Confession: It’s Cheaper than Therapy

Confession: It’s Cheaper than Therapy December 5, 2011

Since becoming Catholic last Spring, I’ve had opportunity to think about what’s been gained by swimming the Tiber, as well as what’s been lost—by which I mean things about my former religious life and culture that Catholics just don’t understand or do. My post a few weeks back about the absence of a contemporary Catholic music scene was one of those. This post is about an addition: the confessional.

I admit I anticipated this part of Catholic life with some trepidation. On the other hand, I had never sensed a great deal of settled reconciliation with the Almighty in solitary, silent, mental confession. Which meant forgiveness took on the form of a circadian rhythm of sorts. I would feel bad about things for a day, confess silently, and then wake up the next morning having largely put behind me whatever it was that I had blundered the day before. Although a good night’s rest seemed to sufficiently shelve yesterday’s misdeeds, I don’t know that the divine economy actually works like that.

Alas, that approach is no more. Now confession is spoken, in real time, and it occurs when I go and actually do it. The psychological difference between a silent and a spoken confession is like night and day.

Lots of Christians are a part of accountability groups, of course. The biblical writer James (5:16) recommended people confess their sins to each other, after all. Such groups could in theory function as confessionals, but they lack the ability to convey confidence about forgiveness, since there’s no authority vested in a small group of one’s peers. It’s more of a social control thing, I presume. (And to their credit, evangelicals—and especially Mormons—are pretty adept at social control.) But I’ve never much taken accountability groups seriously. Given what I study, I’ve typically understood them primarily as small groups that serve to help younger Christians keep their hands off each other (or off of themselves). I could be wrong about such groups, especially since I was never in one. The confessional, however, is about far more than reciting sexual peccadillos. Perhaps accountability groups are too.

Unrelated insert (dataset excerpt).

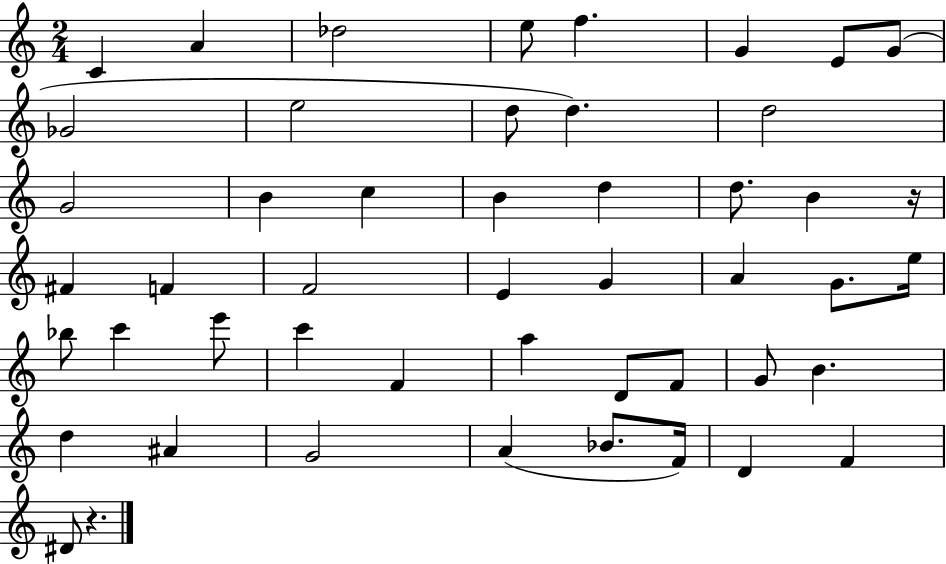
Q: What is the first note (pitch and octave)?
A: C4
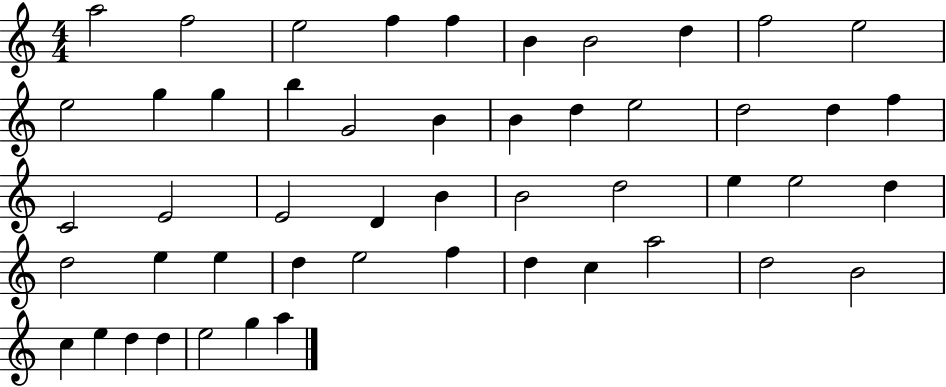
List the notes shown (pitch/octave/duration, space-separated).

A5/h F5/h E5/h F5/q F5/q B4/q B4/h D5/q F5/h E5/h E5/h G5/q G5/q B5/q G4/h B4/q B4/q D5/q E5/h D5/h D5/q F5/q C4/h E4/h E4/h D4/q B4/q B4/h D5/h E5/q E5/h D5/q D5/h E5/q E5/q D5/q E5/h F5/q D5/q C5/q A5/h D5/h B4/h C5/q E5/q D5/q D5/q E5/h G5/q A5/q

Running is cheaper than therapy, I’m told. For me, however, running only produces exhaustion and stomach-aches, with no high anywhere in sight. But I get it—running seems to be good for the mental health of many. I think confession may be as well. And moreover, it’s free to the faithful. It is not therapy, of course, although the advice (and the occasional blunt directive) I’ve been given on various subjects has been helpful feedback.

The practice of confession, or more aptly termed “reconciliation,” also highlights something I’ve long took seriously, but never quite knew what to do with—the existence of levels of wrongdoing. Whenever some well-meaning soul would try to theologically pass off a major personal problem as technically no worse than a minor oversight, I’d cringe. Some sins are significant and prompt confession because the Church in its authority and wisdom and discernment says so.

Skeptics, of course, might say that sin is a social construct—that human beings are behind the identification of actions as sinful. I’m quite sure they’re right. But just because something is socially constructed doesn’t mean the construction is arbitrary, irrelevant, or mistaken. For Catholics, real people made authoritative decisions about the objective wrong-ness of certain actions, regardless of how the action is subjectively experienced. And there are real, living people—priests—who act in persona Christi, making authoritative judgments about forgiveness in the here and now (as Christ commissioned them to do in John 20:23).

Guilt is more difficult to socially construct. It’s distinct from shame, which is more public in nature. I don’t like guilt (or shame). But disliking guilt doesn’t mean there’s an inherent problem with it. It pushes me toward acknowledging the truth about my actions—that they hurt. Ignoring it in a quest to boost my self-esteem doesn’t make me a better person. It makes me a narcissist. Confession resists that.

Unfortunately, not many Catholics go to confession: 75 percent say they either never do it or go less than once a year. Only two percent of them report going once a month or more. That’s too bad, because whether it’s spoken to a priest or to another kind of human being, confession is functional. It’s human to want to speak the brokenness that regularly characterizes our own actions, even if we suppress the inclination. And to be sure, I never like to go to confession, but I always like having gone. But to deny our own brokenness, and seek to stuff it instead, just doesn’t make sense. (We will create poor substitutes for it if we don’t do it well.)

For the record, I’m not knocking therapy. Been there, done that, and will probably do it again someday. But I wonder if the level of demand for psychotherapy—and rates of prescription antidepressant use, now up to an astonishing 21 percent of women and 10 percent of men—would diminish even a little bit if people employed an accepted and acceptable way to confess. Don’t you think?